Drug Repurposing Is a New Opportunity for Developing Drugs against Neuropsychiatric Disorders

Abstract

Better the drugs you know than the drugs you do not know. Drug repurposing is a promising, fast, and cost effective method that can overcome traditional de novo drug discovery and development challenges of targeting neuropsychiatric and other disorders. Drug discovery and development targeting neuropsychiatric disorders are complicated because of the limitations in understanding pathophysiological phenomena. In addition, traditional de novo drug discovery and development are risky, expensive, and time-consuming processes. One alternative approach, drug repurposing, has emerged taking advantage of off-target effects of the existing drugs. In order to identify new opportunities for the existing drugs, it is essential for us to understand the mechanisms of action of drugs, both biologically and pharmacologically. By doing this, drug repurposing would be a more effective method to develop drugs against neuropsychiatric and other disorders. Here, we review the difficulties in drug discovery and development in neuropsychiatric disorders and the extent and perspectives of drug repurposing.

Figure 1

Polypharmacological profiles of antipsychotic drugs. Receptoromic screening identified multiple molecular targets for several antipsychotic drugs. In particulr, clozapine has the high affinity (Ki) to 5-HT serotonin receptors (5-HT2A, 5-HT2C, 5-HT6, and 5-HT7), dopamine receptor (D4), muscarinic receptors, (M1, M2, M3, M4, and M5), adrenergic receptors (α-1 and α-2), and other aminergic receptors. Other antipsychotic drugs also interact with multiple targets. More information can be found at NIMH PDSP database (http://pdspdb.unc.edu/pdspWeb/?site=kidb) (reprinted with permission from Nature Publishing Group).

Figure 2

The molecular targets for cardiopulmonary-associated drugs. Recetoromic screening revealed the molecular targets implicated in fenfluramine. 5-HT2B serotonin receptor was identified as a molecular target for the norfenfluramine (a metabolite of fenfluramine), methylergonovine (a metabolite of the valvular heart disease- and pulmonary hypertension-associated drug methysergide), and dihydroergotamine (potentially associated with valvular heart disease and pulmonary hypertension).
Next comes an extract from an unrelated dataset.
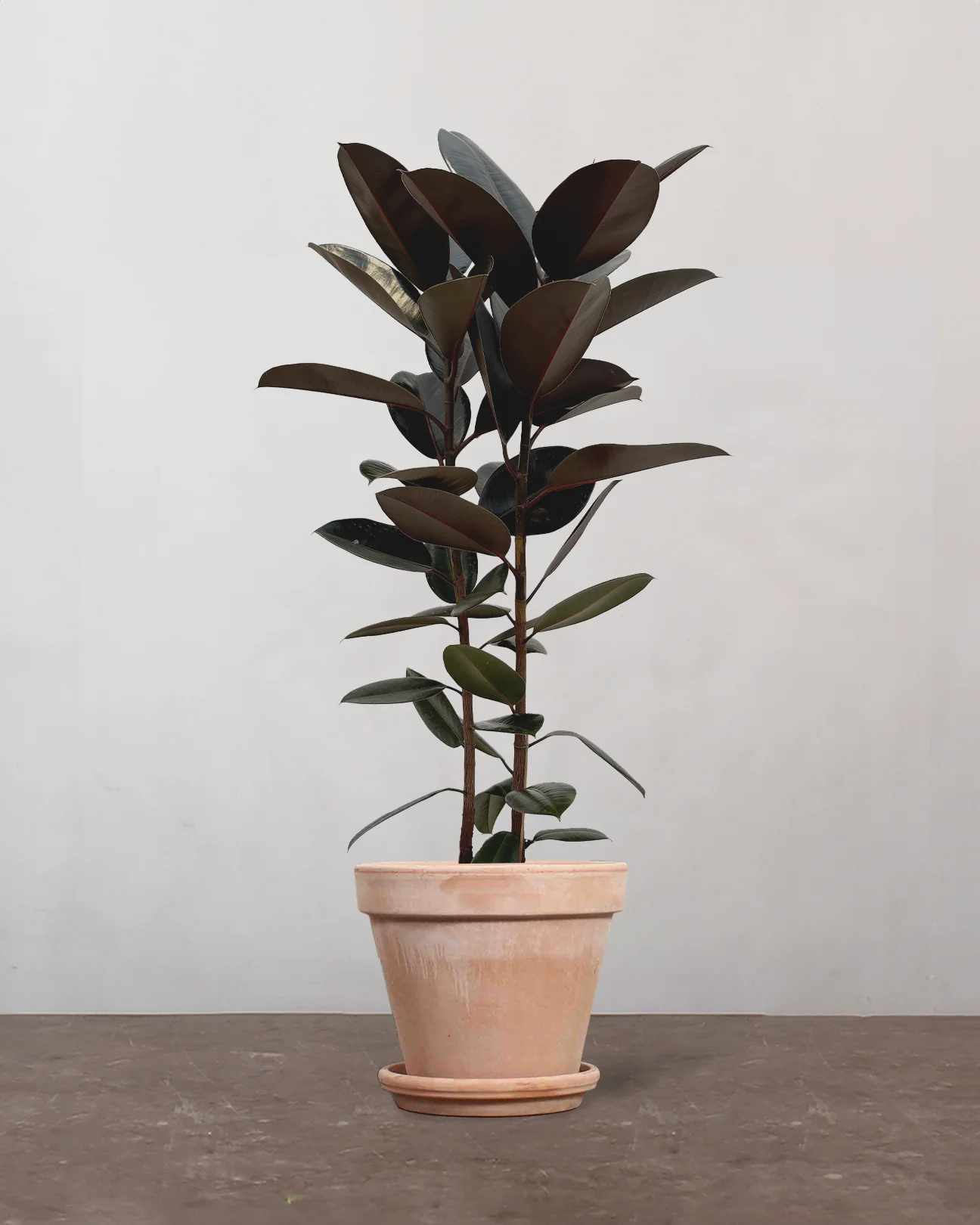 Flergrenet Mørkbladet Gummitræ, Ficus elastica 'Abidjan' - 60-80 cm - Image 6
The drugs associated with cardio diseases also show high affinity to α-2B adrenergic receptors, whereas fluoxetine and the metabolite norfluoxetine do not. In this heat map, the affinity of the drugs is mapped by color gradient, that is, blue (lower affinity, higher Ki), red (higher affinity, lower Ki), and intermediated color (reprinted with permission from Nature Publishing Group).